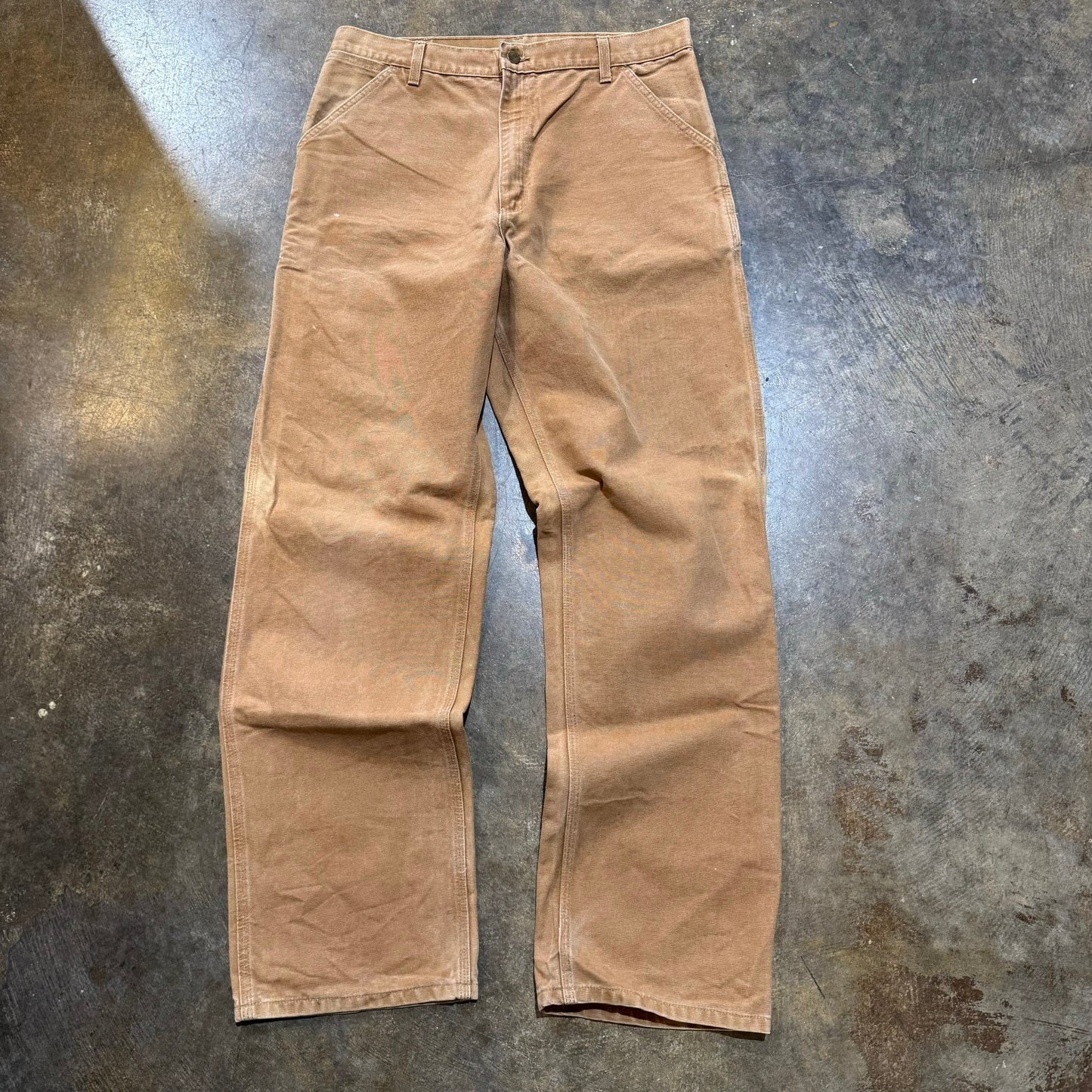 Tan Duck Canvas Carhartt Carpenter Pants21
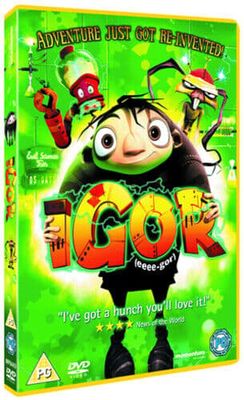 Igor DVD (2009) Anthony Leondis Cert PG Pre-Owned Region 2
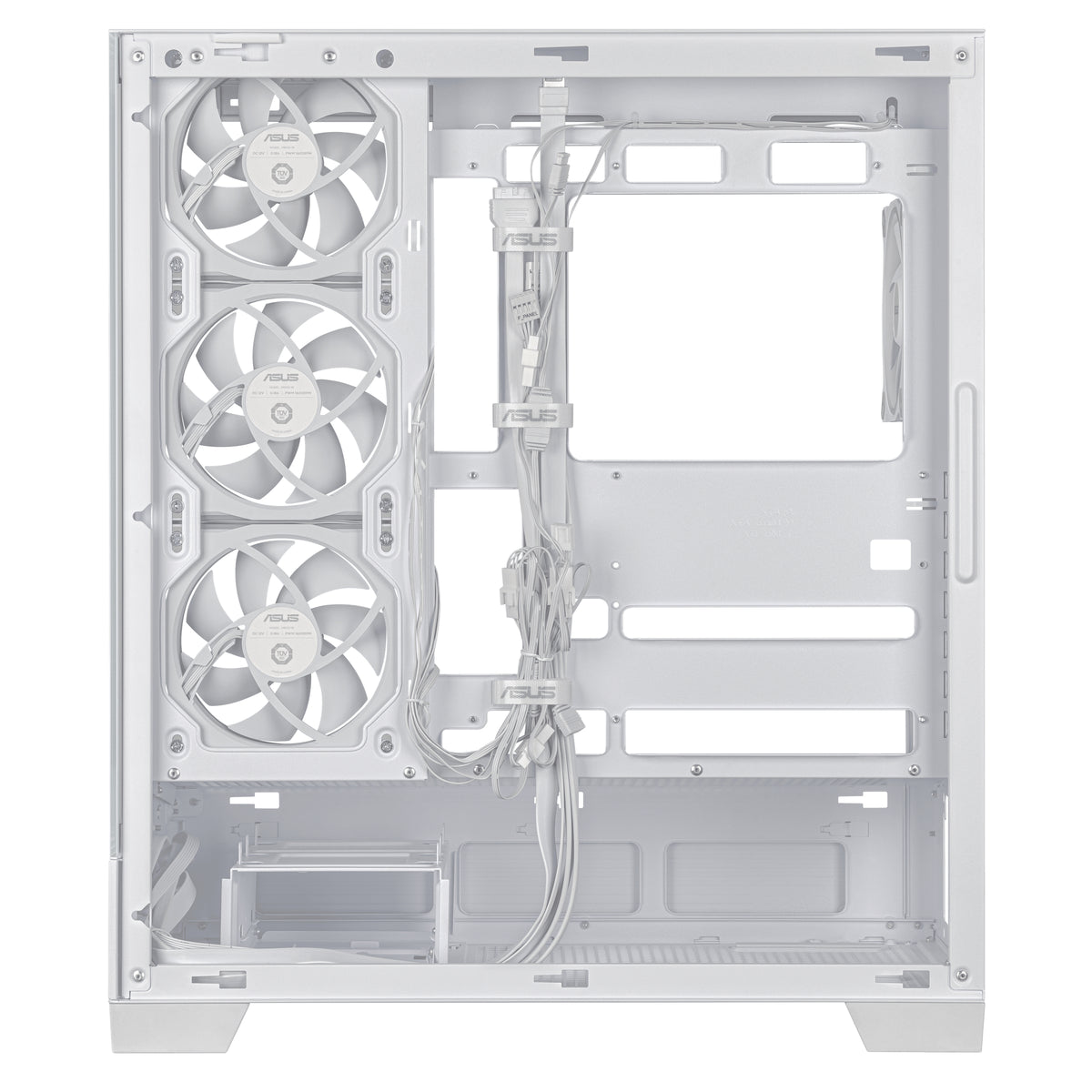 ASUS A31 Plus TG ARGB WHITE Midi Tower Weiß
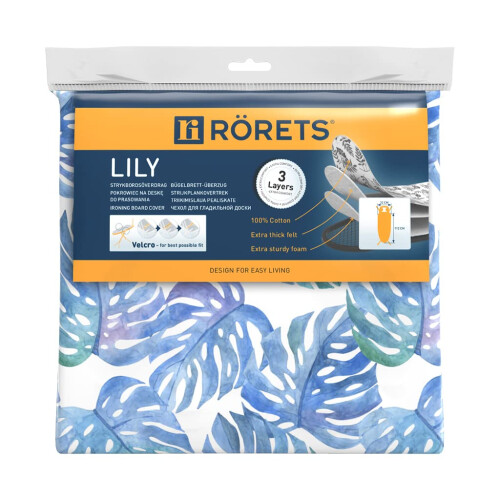 Bügeltischbezug Lily 1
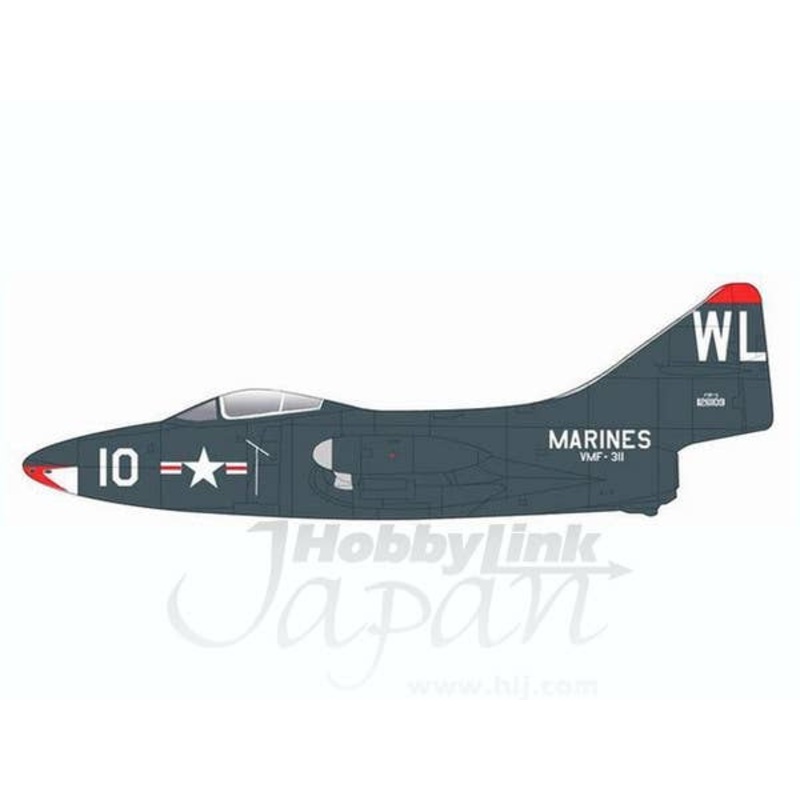 1/72 F9F-5 126109 VMF-311 Ted Williams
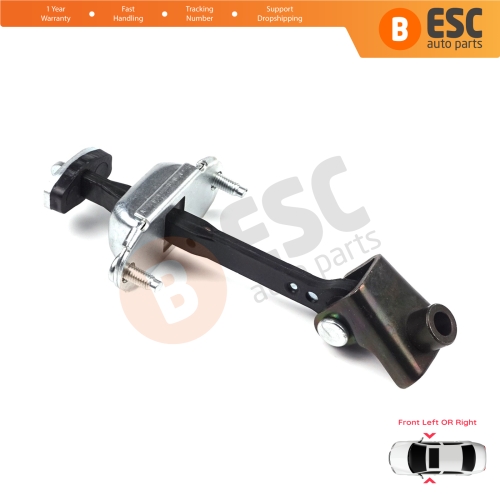 Front Door Hinge Stop Check Strap Limiter 2T1AV23500AD for Ford Transit Connect MK1 Tourneo 2002-2013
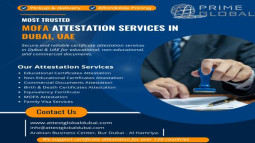 Trusted Certificate Attestation Services in Dubai, UAE – Fast & Reliable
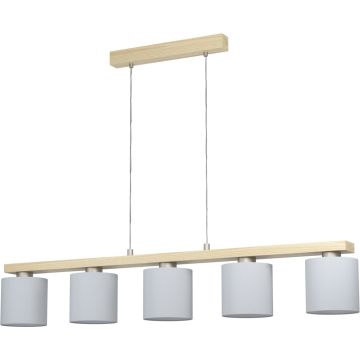 Lampa wisząca CASTRALVO 901291 5x28w/e27 ip20 od Eglo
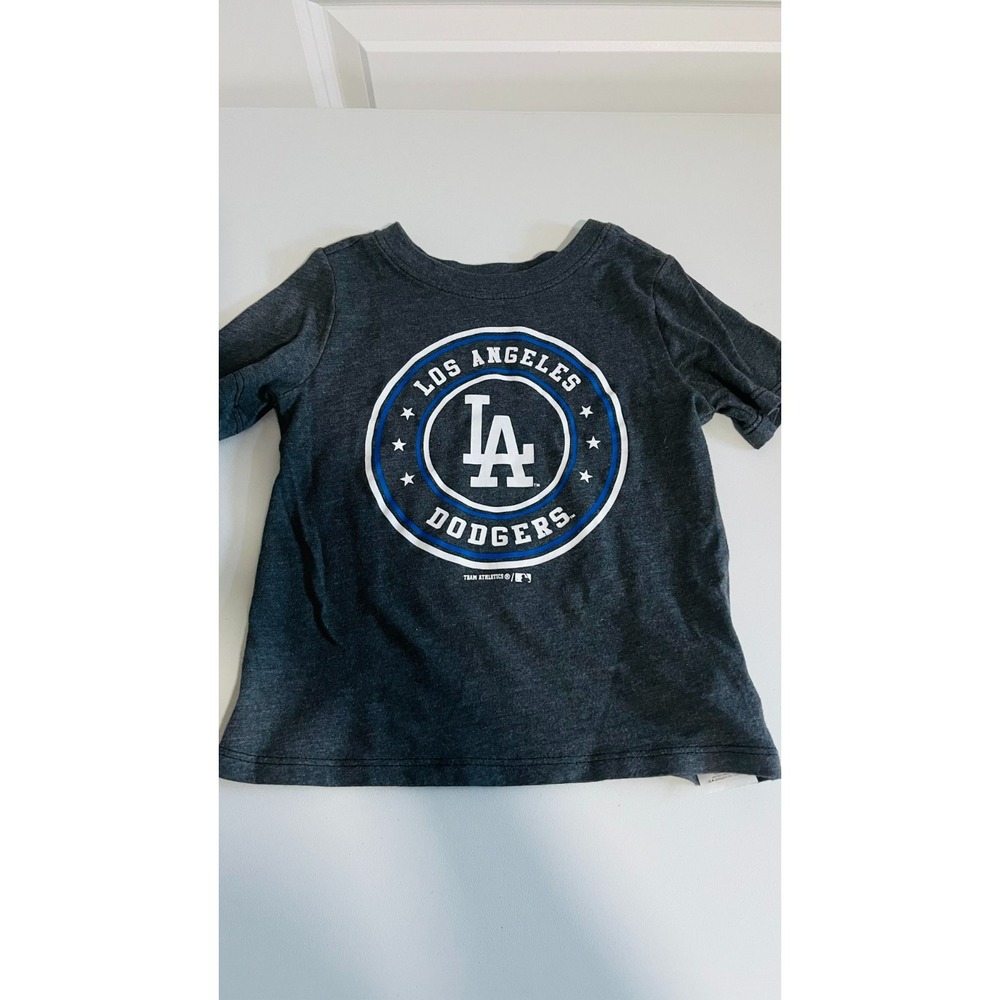 Los Angeles Dodgers gray toddler 2T t-shirt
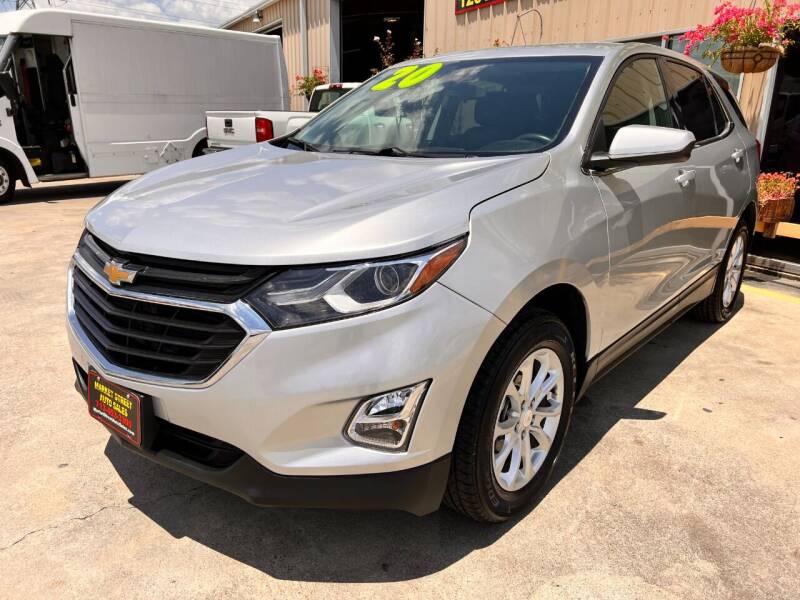 2020 Chevrolet Equinox for sale at Market Street Auto Sales INC in Houston TX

WHAT THE TASK REQUIRES => In your copy, the listing above should appear word for word, with no images.

OUTPUT FOR THIS EXERCISE =>
 Tan Duck Canvas Carhartt Carpenter Pants21
 Igor DVD (2009) Anthony Leondis Cert PG Pre-Owned Region 2
 ASUS A31 Plus TG ARGB WHITE Midi Tower Weiß
 Bügeltischbezug Lily 1
 1/72 F9F-5 126109 VMF-311 Ted Williams
 Front Door Hinge Stop Check Strap Limiter 2T1AV23500AD for Ford Transit Connect MK1 Tourneo 2002-2013
 Trusted Certificate Attestation Services in Dubai, UAE – Fast & Reliable
 Lampa wisząca CASTRALVO 901291 5x28w/e27 ip20 od Eglo
 Los Angeles Dodgers gray toddler 2T t-shirt
 2020 Chevrolet Equinox for sale at Market Street Auto Sales INC in Houston TX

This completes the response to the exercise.